By: Faith Graceffa
Spanish teacher Senora Tucknott has traveled to 25 countries, many with Spanish as the primary language, and has worked with multiple nonprofits to improve the lives of people in poverty. She helped start Español En Acción — a service-learning course that allows students to learn about global issues and work with nonprofit organizations — and the Spanish AP program at Oak Creek High School.
On her first international trip with the school, Tucknott traveled with her students to Peru. They not only explored the beauty of the country, but also got involved with the Sacred Valley Project. The Sacred Valley Project helps teenage girls living in remote communities in the mountain regions of the Sacred Valley commute to school.
“They don’t have access to schools, so they have to travel like two hours by foot each way to get to school,” Tucknott explained. “Parents have to decide between putting their daughters in danger every single day or not getting them the education they need.”
The project built dorms near a high school and provided the girls with transportation, food, tutors, internet access, and school supplies.
“We helped create a garden so that they could have a sustainable food source while living in these dorms,” Tucknott stated.
Tucknott is very proud of the impact her class had on these girls’ lives.
“Without the Sacred Valley Project and the service our group did, these girls wouldn’t go beyond sixth grade. And that just means so much to their life and their safety,” she said.
The second trip she is going on with students is to the Dominican Republic and will be another service trip.
“I’m excited about that one. I think it’s going to be really neat,” exclaimed Tucknott. “We get to really work with the community in the mountain range.
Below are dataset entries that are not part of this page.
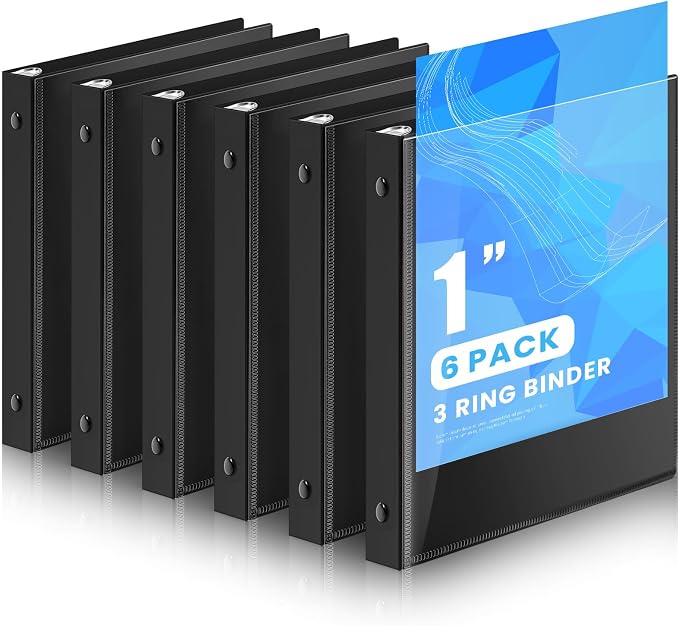 Henoyso 1 Inch 6 Pack Mini Clear View 3 Ring Binders for 5.5"x8.5",Black | Holds 240 Sheets, Clear Front Covers, Flexible Plastic Binder Bulk, Three Round Rings, School Office Report Filing, Planners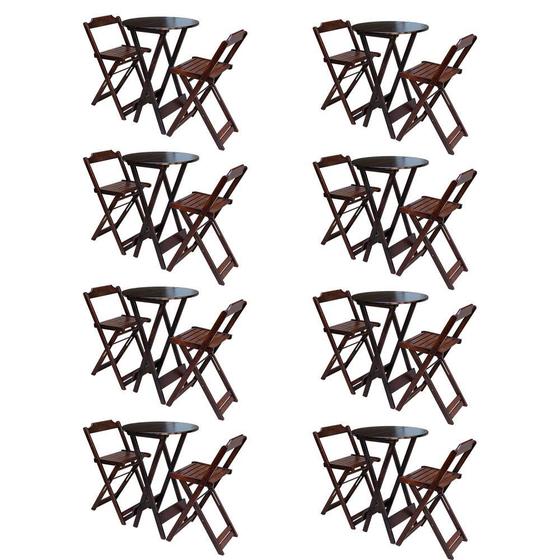 Imagem de Kit 8 Jogos de Mesa Bistrô de Madeira com 2 Cadeiras Dobravel Ideal para Bar e Restaurante Imbuia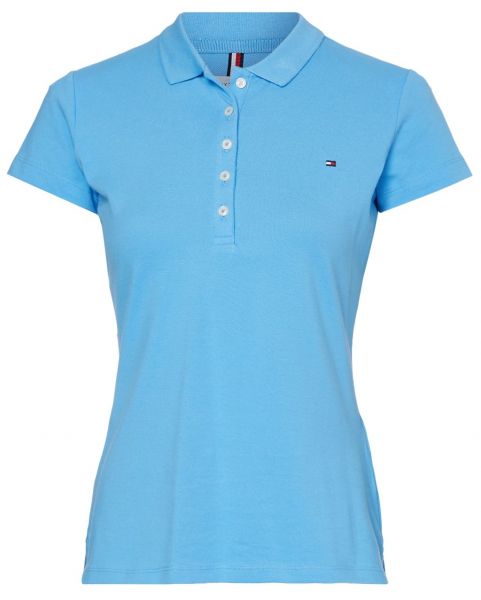 Дамска тениска с якичка Tommy Hilfiger Short Sleeve Slim Polo - hydrangea blue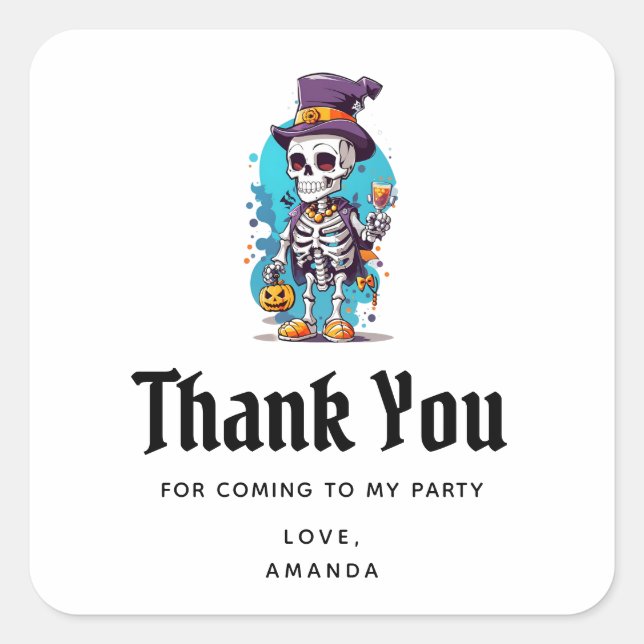 Pegatina Cuadrada Skeleton en una fiesta de halloween de alto nivel  (Anverso)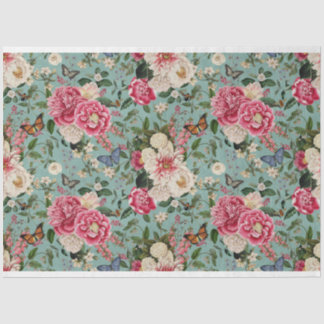 Peonies on woven aqua background tissue paper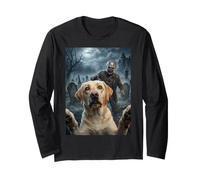 Selfie Labrador Jaune avec Un cimetière Zombie Halloween Manche Longue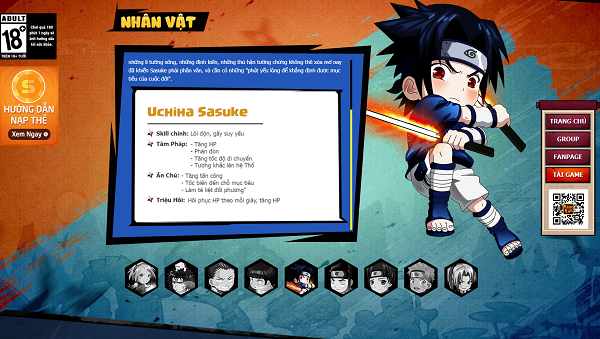 
Sasuke đang là class nhân vật được yêu thích nhất trong Làng Lá Phiêu Lưu Ký
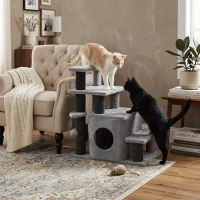 PawHut Adjustable Height 3 Step/4 Step Cat Stairs with Cat Scratching Post, Cat Condo, Toy Ball, for Bed, Sofa, Couch, Gray(m-10)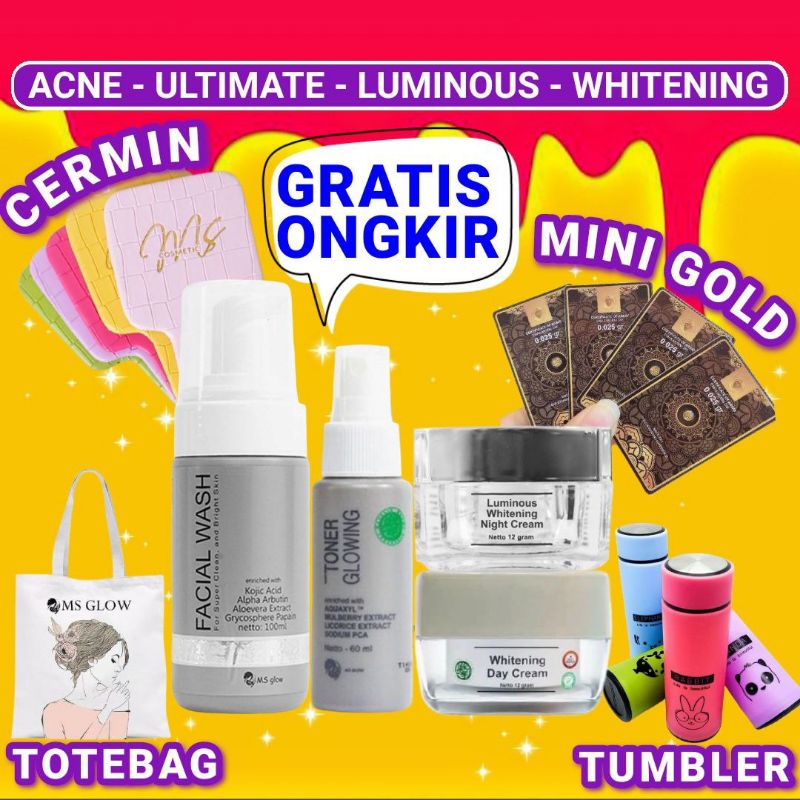 MS GLOW Paket Free Bonus Pouch/Dompet Kosmetik/Ecer Whitening Night Cream/Luminous/Malam Ultimate/Kr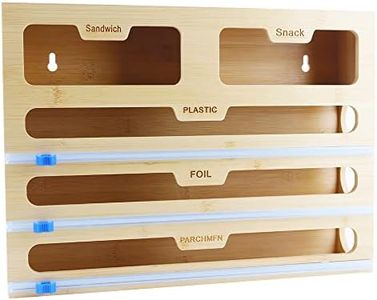 Lotvic 5 in 1 Dispenser di Fogli di Alluminio, Porta Pellicola e Alluminio, Organizer Pellicola e Alluminio, Porta Pellicola con Taglierina, Taglia Pellicola da Cucina, 5 Slot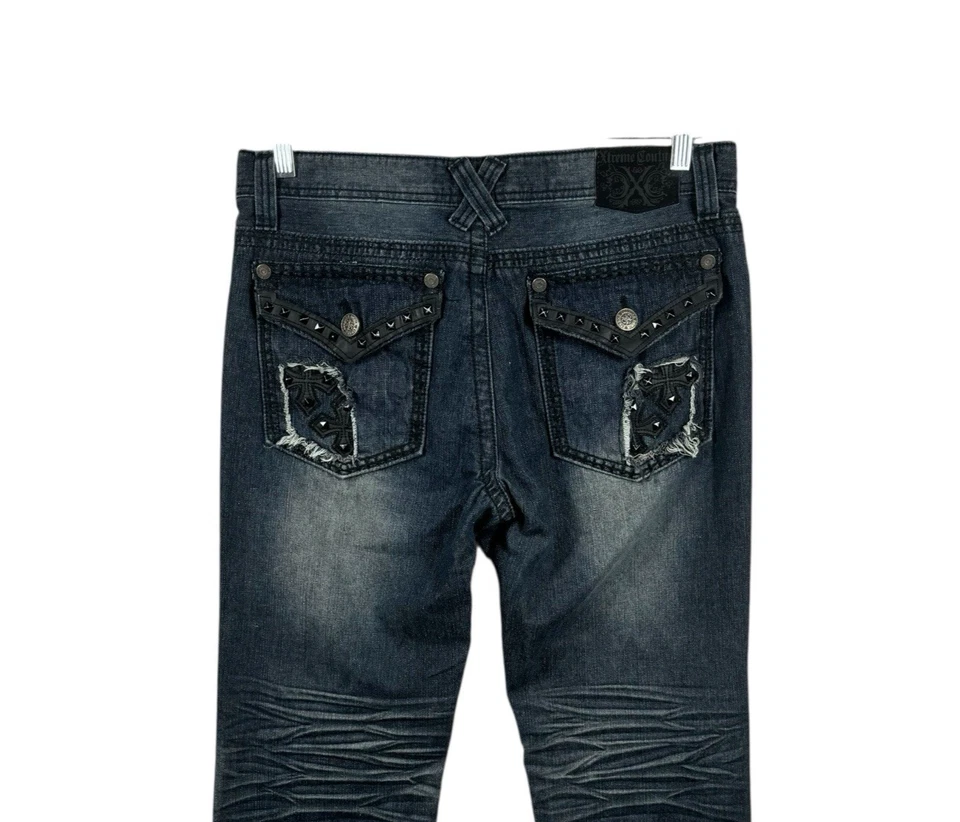XTREME COUTURE Jeans Mens 34x25.5 Cross Grunge Punk Dark Wash Straight - Image 2 of 4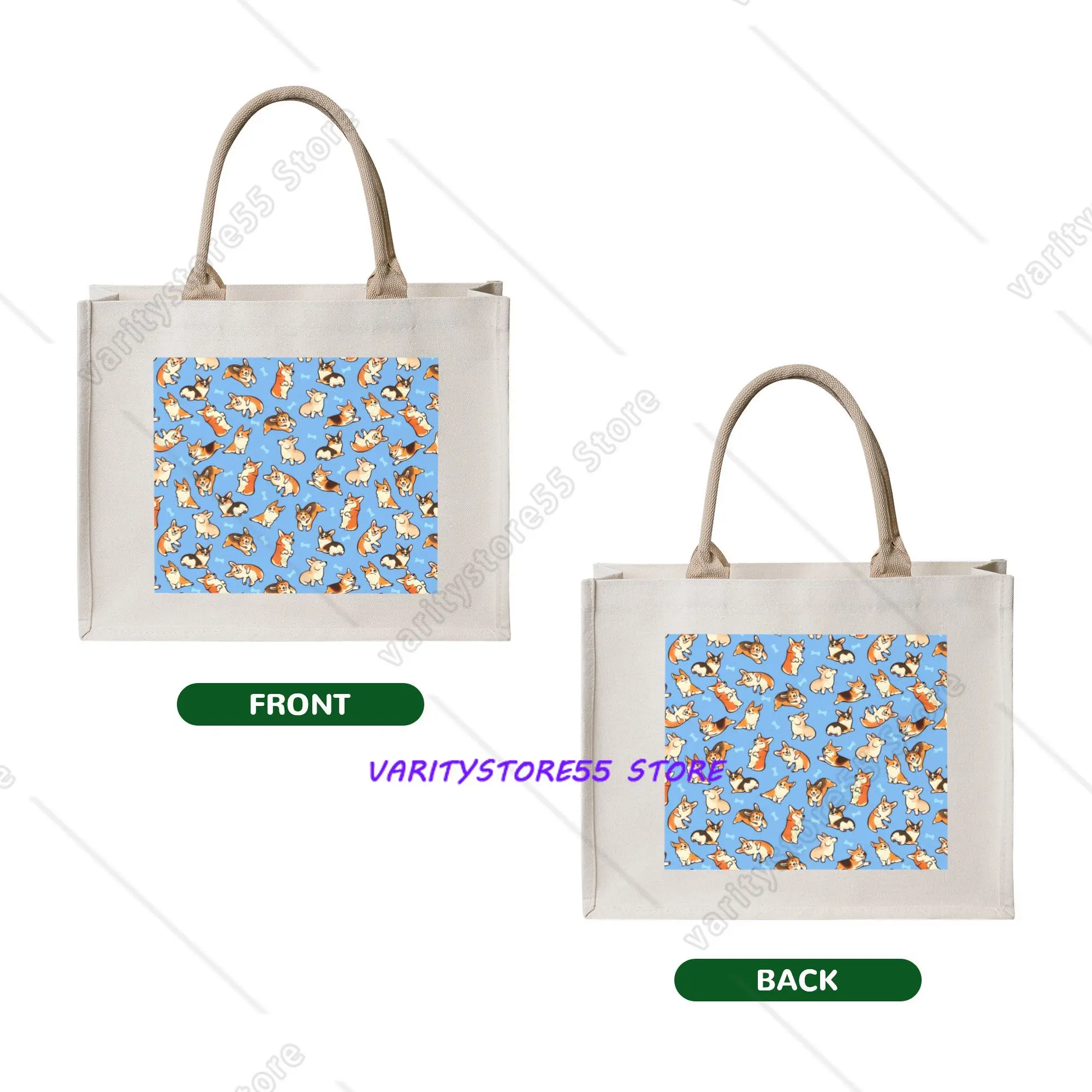 Recycling Cute Pembroke Welsh Corgi  Shopping Bag Women Tote Bag Portable  Grocery Shopper Bags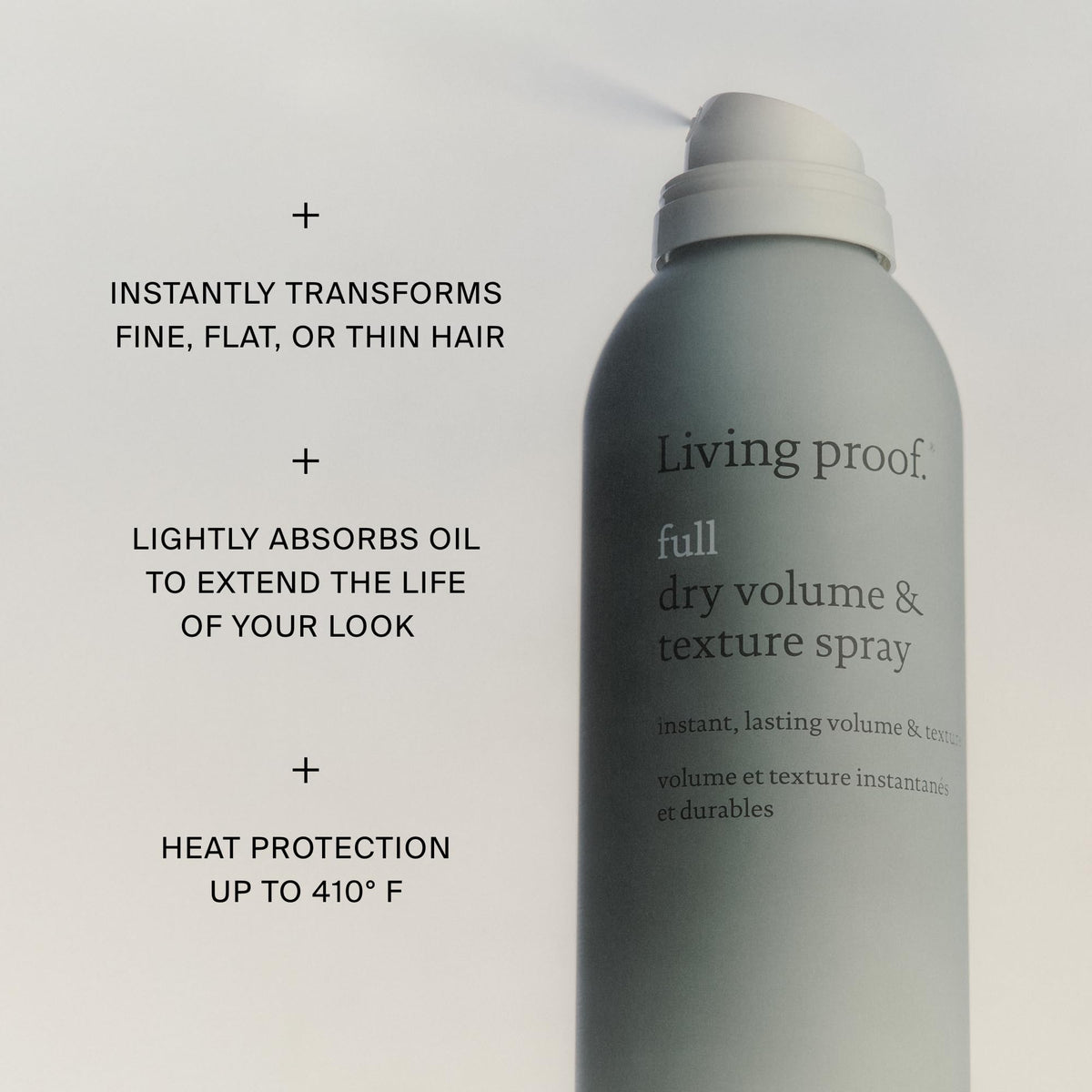 Living Proof product in hand to show size and portability for on-the-go volume benefit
A rural mountain village, which is just something that’s so different than Oak Creek, so I think the students will get a different perspective than what they see on the daily here.”
She travels the world a lot with her family. Her husband shares her love for travel and their kids have been traveling abroad with them since they were less than a year old.
One of her most memorable trips was to Embera, an indigenous village of Panama.
“There’s no technology, just everything is living off the land on the daily, and everybody in the community has a job for everybody in the community,” Tucknott recalled with awe. “So certain people cook for the whole community. The young teenage boys, it’s their job to fish for the whole community and they’d go spear fish every afternoon to feed everybody.”
This school year she is running the Spanish Club, which is participating in the Wisconsin-Nicaragua Partners of the Americas Bike/Hike Event. Miles walked or biked are recorded to raise awareness and funds for humanitarian projects in Nicaragua. Students in Spanish 4 will also write children’s books for the Lending Libraries project.
“To do something and be a part of something so impactful is awesome,” Tucknott said.